Больше, чем игра | страница 31



Среди многих имен, занесенных в картотеку, было одно, особенно привлекавшее внимание Копаева — Ерофеев Виктор Борисович, тренер секции фехтования при спорткомплексе моторного завода. С некоторых пор тренер Ерофеев учил управляться со шпагой любого, кто имел для этого желание и средства. И Копаев пошел в ученики к учителю фехтования; он рассчитывал, что позанимается у Ерофеева немножко, вызовет как-нибудь на душевный разговор и быстренько выяснит все, что нужно.

Не тут-то было.

Ерофеев оказался несловоохотливым собеседником и строгим учителем. По поводу тайных меченосцев Копаеву ничего выведать не удалось, разве только то, что некоторые из проходящих в артотеке по списку жертв наведывались к Ерофееву брать уроки, но долго не выдерживали (наверное, потому и погибли).

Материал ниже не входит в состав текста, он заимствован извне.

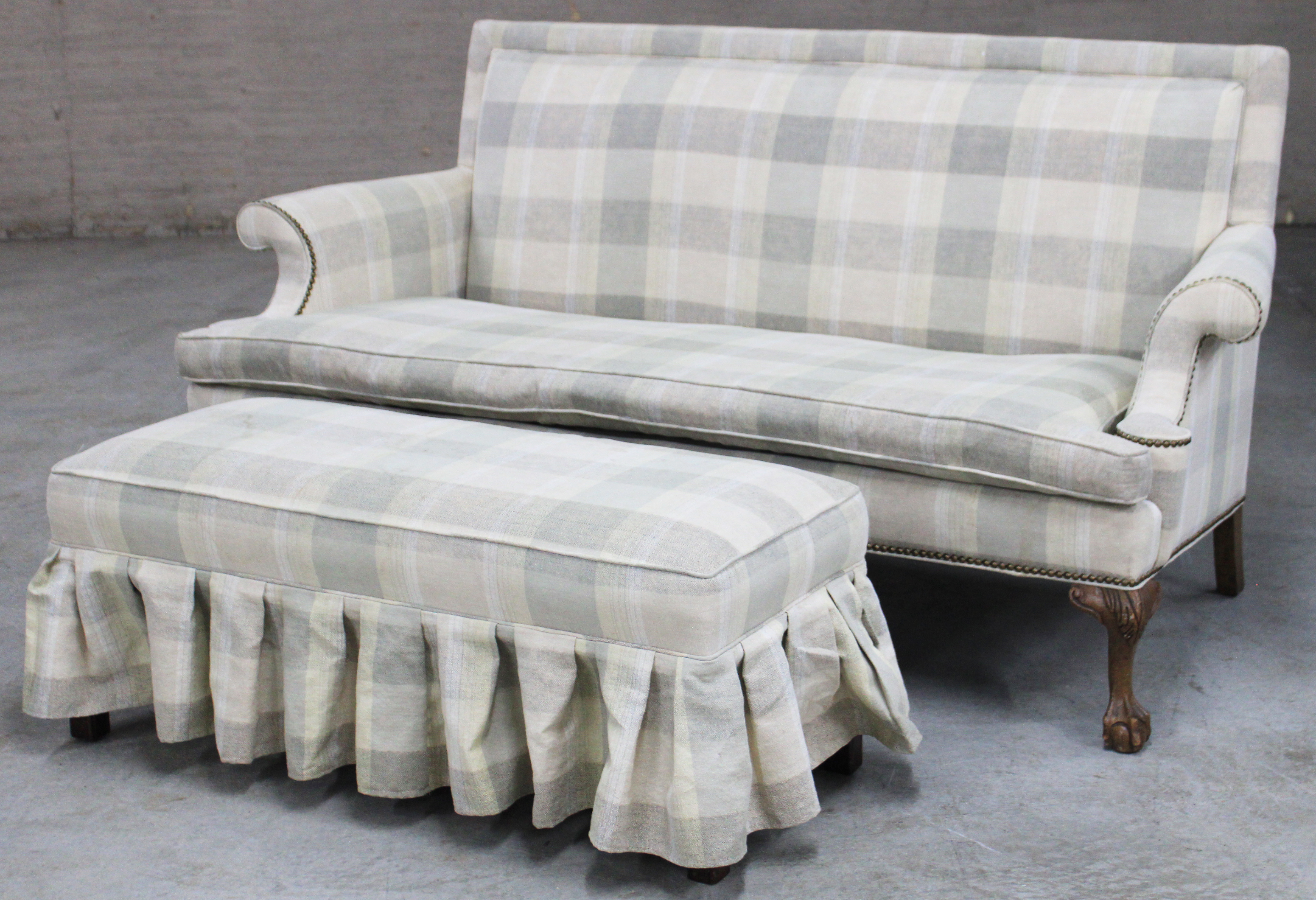 CHIPPENDALE STYLE ROLL ARM HIGH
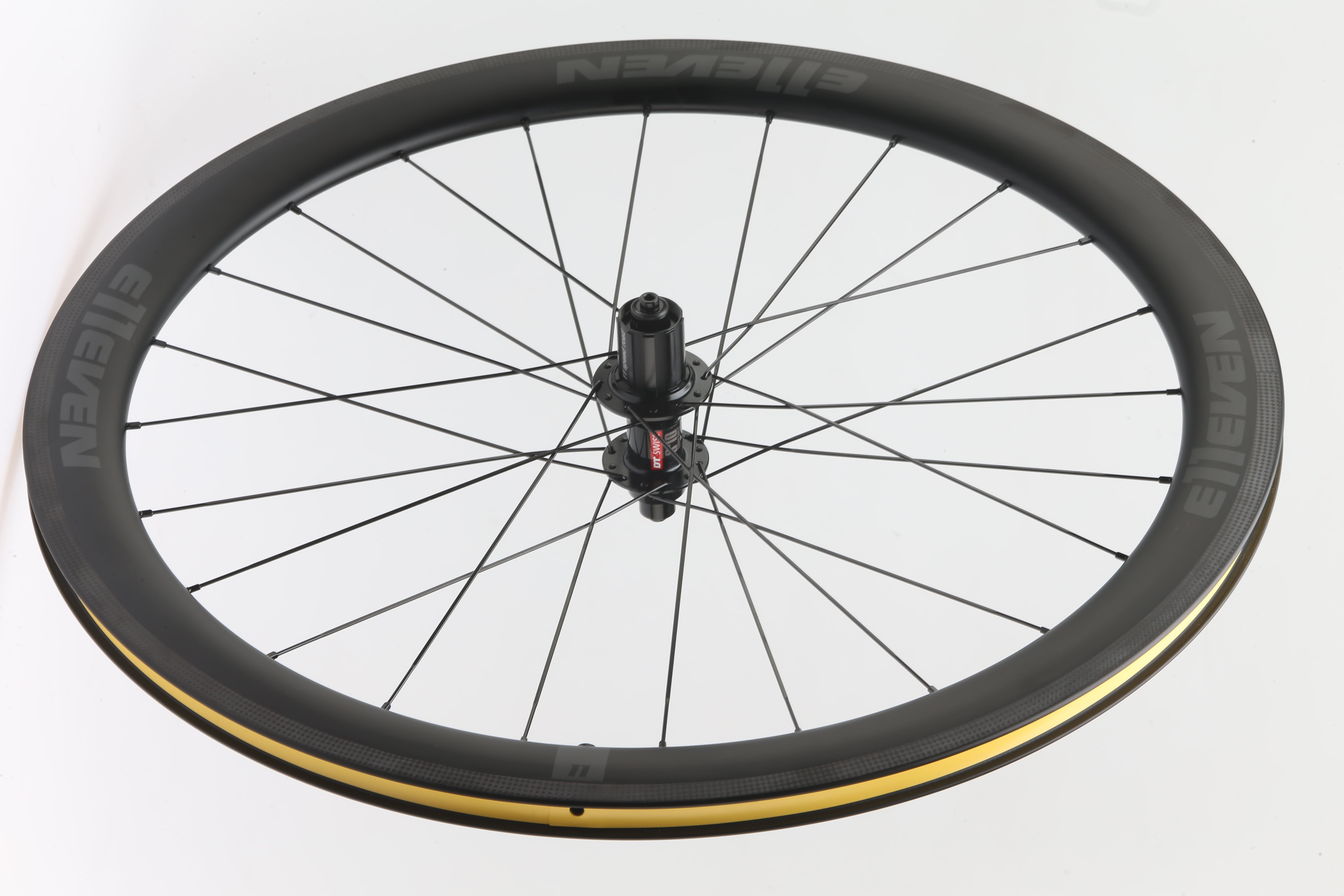 e11even 50mm carbon clincher wheelset with dt swiss 370 hubs
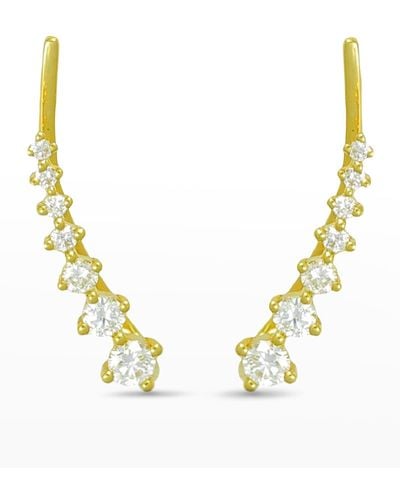 Frederic Sage 18k Yellow Gold Diamond Earring Climbers - Metallic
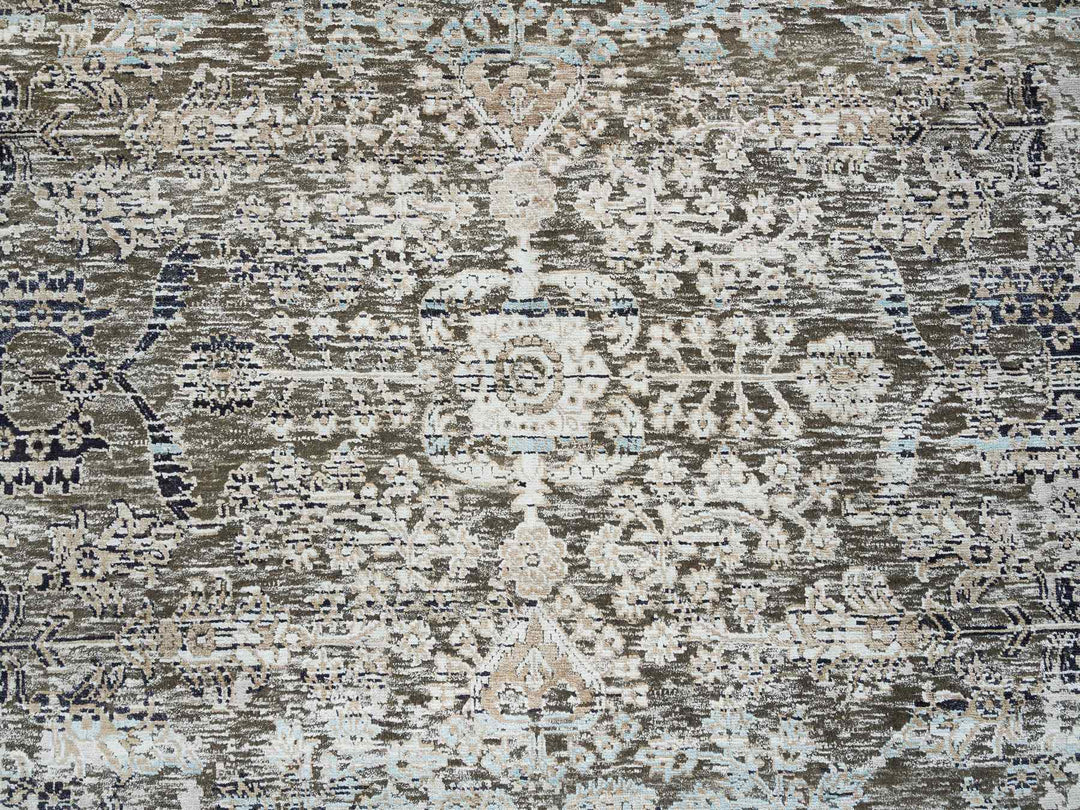 8'3" x 10'0" New Hand Knotted Grey Wool & Silk Rectangle Oriental Rug - MOA10265663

А Копаев фехтованем увлекся и научился довольно сносно владеть шпагой. Кажется, именно тогда у него возникла мысль о присоединении к одной из наиболее влиятельных групп тайных меченосцев, членами коей являлись некоторые очень значительные и влиятельные в городе люди. (Копаев подозревал, что даже уважаемый мэр Вершинин имеет к этому самое непосредственное отношение.) С наставником Ерофеевым Копаев говорить на эту тему не решился. Оставался еще один человек, более-менее знакомый, на которого Копаев и пытался воздействовать, — старший эксперт-криминалист Воронин. Насчет Воронина Копаев был почти уверен, но только почти, и поэтому он остерегался говорить в открытую, только намеками. Воронин же как будто не понимал, о чем идет речь, или просто старательно делал вид, что не понимает. Это продолжалось уже довольно долго, но Копаев был терпелив, он умел добиваться своего.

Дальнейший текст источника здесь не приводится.